Кум Афанасий — пропасти на него нет, чахлого! — сразу распознал ее и отказал: «Ты, Евланья, претензливая. Нос воротливый, дергучий. А мы люди маленькие. Заноз в нас жизнь много навтыкала. Мы ее, сукатую, корявую, двигали, о себе не думавши. Теперь вот рвем пузыри, ругаемся. Не тебе, гладкой, водиться с нами под одной крышей. Прости меня, старика, за суровы слова: такой уж я есть. А с домом помогу. Пришлю покупателей. Портные по соседству поселились. Черта им отдай, они на свой лад скроят, перешьют его да продадут еще на барахолке. А мы еще будем радоваться: ох, какая игрушка! Много, знамо дело, тебе за все не заплатят, но… главное, руки развяжут…»

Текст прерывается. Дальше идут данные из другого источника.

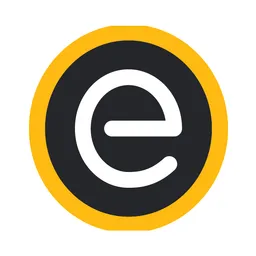 Desktop App Eway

Вот что сказал желчный Афанасий.
«Злые люди… Колючие… Каки-и у Евланьюшки претензии? Птичка я бессловесная, бескрылая. Отсохли, отпали мои крылышки. Не вспорхну, не взмою я в голубое небушко. Не прилечу я к дружку милому. Не услышу я ласки искренней. Ни утром по заре, ни вечером. Закатывается солнышко. Едят меня комары лютые…»
Подошла машина. Шофер, выйдя, заговорил решительно:
— Хозяйка, ты, что ли, продаешь дом, шмотье? Давай торговаться. За дом — семьсот даю. Остальное — буду смотреть.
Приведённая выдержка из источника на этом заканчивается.